* _PROBLEM DETAILS_:
Word for word, copy out the data below, omitting pictures.

* _DATASET EXCERPT_:
══════════

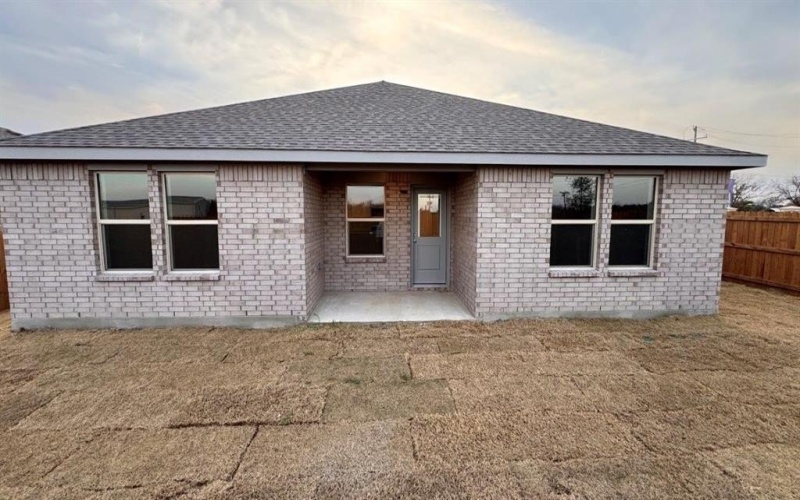 568 MARSH Street, Cleburne, TX 76033, 3 Habitaciones Habitaciones , ,2 BañosBaños,Residential,En Venta,568 MARSH Street,0,21149804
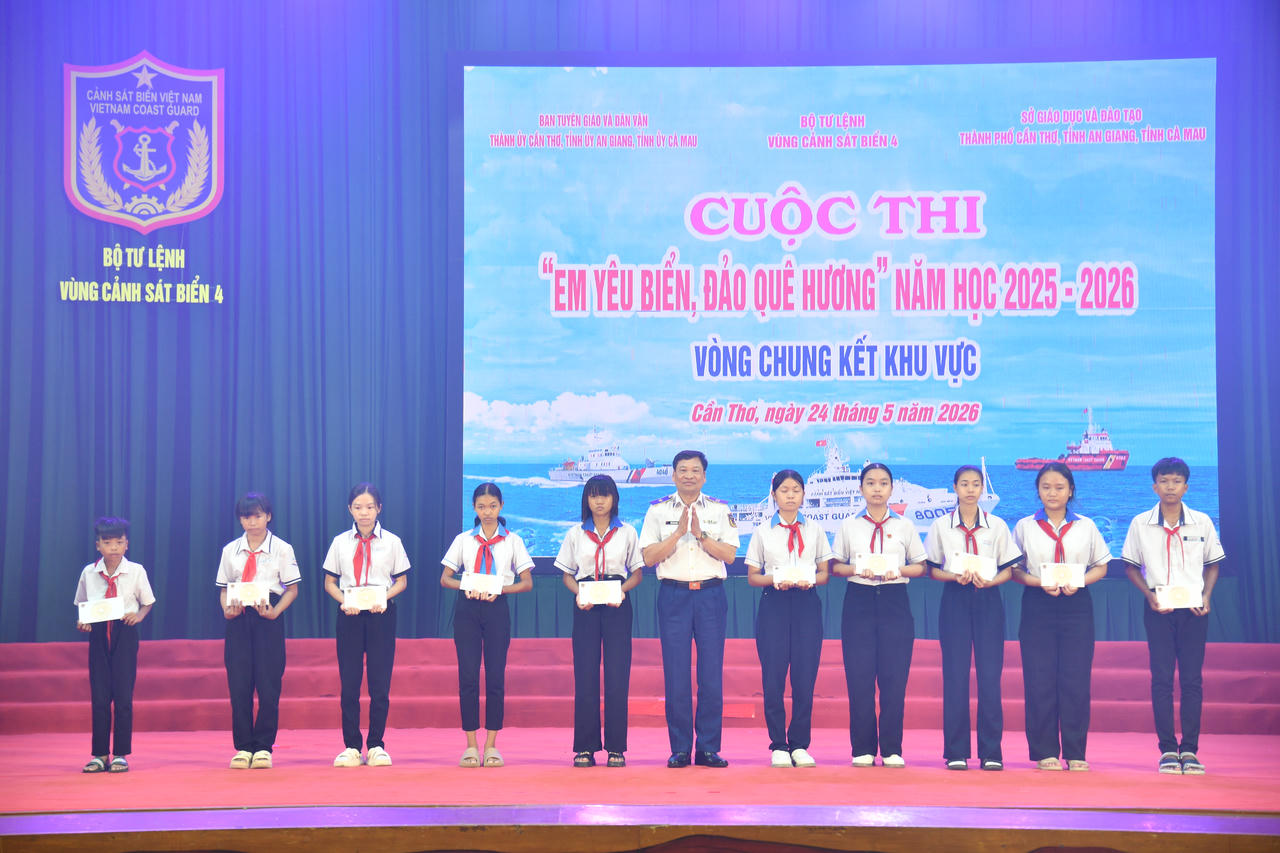 Thiếu tướng Trần Văn Xuân - Phó Chính ủy kiêm Chủ nhiệm chính trị Cảnh sát biển Việt Nam trao học bổng cho các em học sinh có hoàn cảnh khó khăn, vươn lên học giỏi.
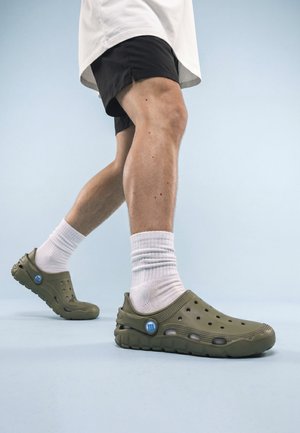 mtng, BAREFOOT FREE-CARE - Zoccoli - verde
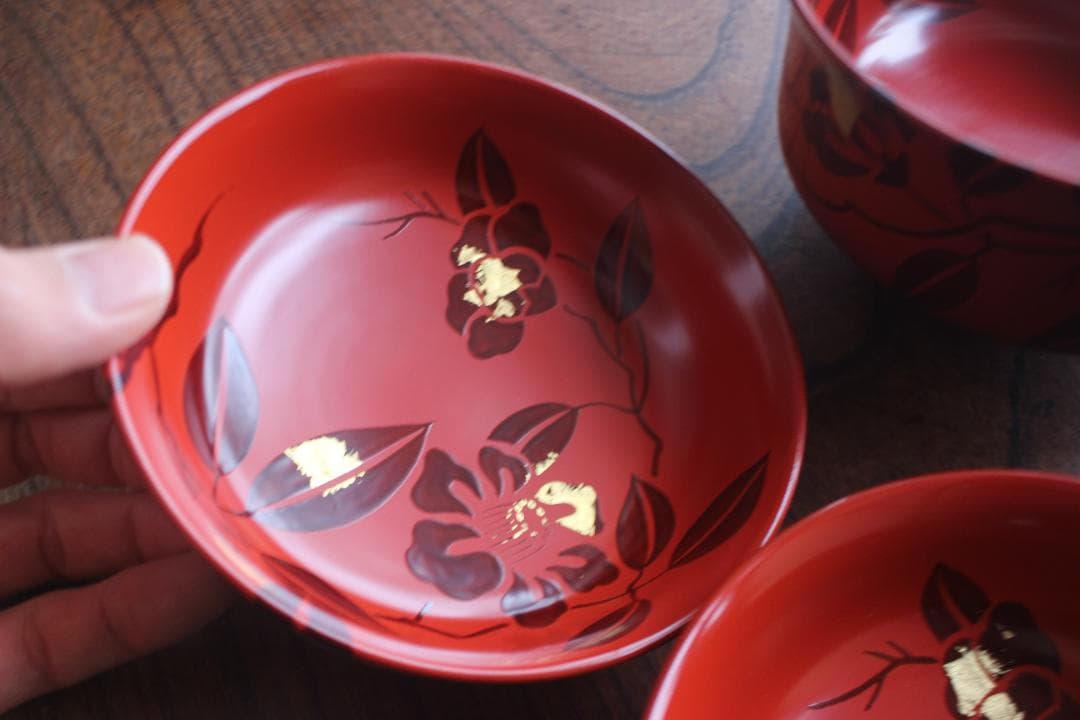 デッドストック！上質朱漆に風情ある椿蒔絵の映える煮物椀2点（検輪島塗懐石椀雑煮椀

══════════

* _YOUR SOLUTION_:
 568 MARSH Street, Cleburne, TX 76033, 3 Habitaciones Habitaciones , ,2 BañosBaños,Residential,En Venta,568 MARSH Street,0,21149804
 Thiếu tướng Trần Văn Xuân - Phó Chính ủy kiêm Chủ nhiệm chính trị Cảnh sát biển Việt Nam trao học bổng cho các em học sinh có hoàn cảnh khó khăn, vươn lên học giỏi.
 mtng, BAREFOOT FREE-CARE - Zoccoli - verde
 デッドストック！上質朱漆に風情ある椿蒔絵の映える煮物椀2点（検輪島塗懐石椀雑煮椀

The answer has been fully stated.